What Is a Monetary Base
A monetary base is the total amount of a currency that is either in general circulation in the hands of the public or in the commercial bank deposits held in the central bank’s reserves. This measure of the money supply typically only includes the most liquid currencies; it is also known as the “money base.”
Understanding Monetary Bases
The monetary base is a component of a nation’s money supply. It refers strictly to highly liquid funds including notes, coinage and current bank deposits. When the Federal Reserve creates new funds to purchase bonds from commercial banks, the banks see an increase in their holdings, which causes the monetary base to expand.
Monetary Base and the Money Supply
The money supply expands beyond the monetary base to include other assets that may be less liquid in form. It is most commonly divided into levels, listed as M0 through M3 or M4 depending on the system, with each representing a different facet of a nation’s assets. The monetary base’s funds are generally held within the lower levels of the money supply, such as M1 or M2, which encompasses cash in circulation and specific liquid assets including, but not limited to, savings and checking accounts.
Managing Monetary Bases
Most monetary bases are controlled by one national institution, usually a country’s central bank. They can usually change the monetary base (either expanding or contracting) through open market operations or monetary policies.

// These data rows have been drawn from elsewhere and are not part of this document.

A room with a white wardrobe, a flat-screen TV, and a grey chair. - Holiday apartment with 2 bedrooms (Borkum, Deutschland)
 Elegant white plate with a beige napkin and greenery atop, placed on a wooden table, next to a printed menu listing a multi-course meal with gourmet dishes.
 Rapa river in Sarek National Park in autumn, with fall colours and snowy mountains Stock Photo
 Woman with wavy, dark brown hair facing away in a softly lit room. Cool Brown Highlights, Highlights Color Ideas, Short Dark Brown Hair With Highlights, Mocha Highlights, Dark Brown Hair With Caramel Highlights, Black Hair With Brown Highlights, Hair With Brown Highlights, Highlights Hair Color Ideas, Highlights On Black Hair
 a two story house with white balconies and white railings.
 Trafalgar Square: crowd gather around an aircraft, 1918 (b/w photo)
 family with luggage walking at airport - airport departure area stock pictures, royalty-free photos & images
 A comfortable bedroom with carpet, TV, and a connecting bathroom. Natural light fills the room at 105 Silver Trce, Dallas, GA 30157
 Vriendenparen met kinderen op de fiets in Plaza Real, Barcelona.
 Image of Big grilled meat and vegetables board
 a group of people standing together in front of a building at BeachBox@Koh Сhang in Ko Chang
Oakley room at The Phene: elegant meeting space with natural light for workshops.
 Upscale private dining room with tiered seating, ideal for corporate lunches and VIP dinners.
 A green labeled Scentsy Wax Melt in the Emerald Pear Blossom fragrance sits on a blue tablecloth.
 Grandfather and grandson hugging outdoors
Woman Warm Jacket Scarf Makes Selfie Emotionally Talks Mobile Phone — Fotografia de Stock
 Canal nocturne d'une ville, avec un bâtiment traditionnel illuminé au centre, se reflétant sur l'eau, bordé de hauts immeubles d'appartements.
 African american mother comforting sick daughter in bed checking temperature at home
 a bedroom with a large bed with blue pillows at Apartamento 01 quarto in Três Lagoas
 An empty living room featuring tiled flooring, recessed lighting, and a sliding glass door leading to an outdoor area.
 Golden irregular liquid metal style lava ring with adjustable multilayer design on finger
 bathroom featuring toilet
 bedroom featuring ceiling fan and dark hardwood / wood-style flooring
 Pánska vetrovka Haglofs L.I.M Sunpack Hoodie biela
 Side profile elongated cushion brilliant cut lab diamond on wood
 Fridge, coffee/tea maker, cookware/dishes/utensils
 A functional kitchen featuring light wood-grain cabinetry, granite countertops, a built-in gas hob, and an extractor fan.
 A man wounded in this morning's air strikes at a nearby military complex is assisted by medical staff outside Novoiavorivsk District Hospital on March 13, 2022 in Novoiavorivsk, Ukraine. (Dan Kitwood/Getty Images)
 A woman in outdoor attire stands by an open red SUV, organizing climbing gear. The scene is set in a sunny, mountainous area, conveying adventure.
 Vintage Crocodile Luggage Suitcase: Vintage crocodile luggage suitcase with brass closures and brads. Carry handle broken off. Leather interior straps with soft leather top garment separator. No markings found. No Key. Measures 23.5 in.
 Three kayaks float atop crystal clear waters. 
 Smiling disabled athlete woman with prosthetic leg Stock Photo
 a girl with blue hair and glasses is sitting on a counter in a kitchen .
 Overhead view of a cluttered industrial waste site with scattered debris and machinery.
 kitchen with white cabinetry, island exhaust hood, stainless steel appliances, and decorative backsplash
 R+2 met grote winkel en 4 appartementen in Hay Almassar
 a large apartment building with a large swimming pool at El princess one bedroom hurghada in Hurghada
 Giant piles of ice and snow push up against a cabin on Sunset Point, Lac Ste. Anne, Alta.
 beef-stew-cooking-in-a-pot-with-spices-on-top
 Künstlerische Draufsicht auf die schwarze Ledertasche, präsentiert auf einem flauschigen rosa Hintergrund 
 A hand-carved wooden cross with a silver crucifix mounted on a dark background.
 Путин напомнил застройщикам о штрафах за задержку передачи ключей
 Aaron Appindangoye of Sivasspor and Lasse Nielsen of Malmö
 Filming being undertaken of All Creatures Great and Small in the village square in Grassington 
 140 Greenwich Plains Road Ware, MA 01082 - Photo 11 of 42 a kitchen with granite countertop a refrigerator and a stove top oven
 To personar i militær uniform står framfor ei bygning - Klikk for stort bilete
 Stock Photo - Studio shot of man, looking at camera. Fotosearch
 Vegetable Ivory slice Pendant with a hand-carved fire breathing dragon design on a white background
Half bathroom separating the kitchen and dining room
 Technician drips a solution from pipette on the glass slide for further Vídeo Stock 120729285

For many countries, the government can maintain a measure of control over the monetary base by buying and selling government bonds in the open market.
Smaller Scale Monetary Bases and Money Supplies
At the household level, the monetary base consists of all notes and coins in the possession of the household, as well as any funds in deposit accounts. The money supply of a household may be extended to include any available credit open on credit cards, unused portions of lines of credit and other accessible funds that translate into a debt that must be repaid.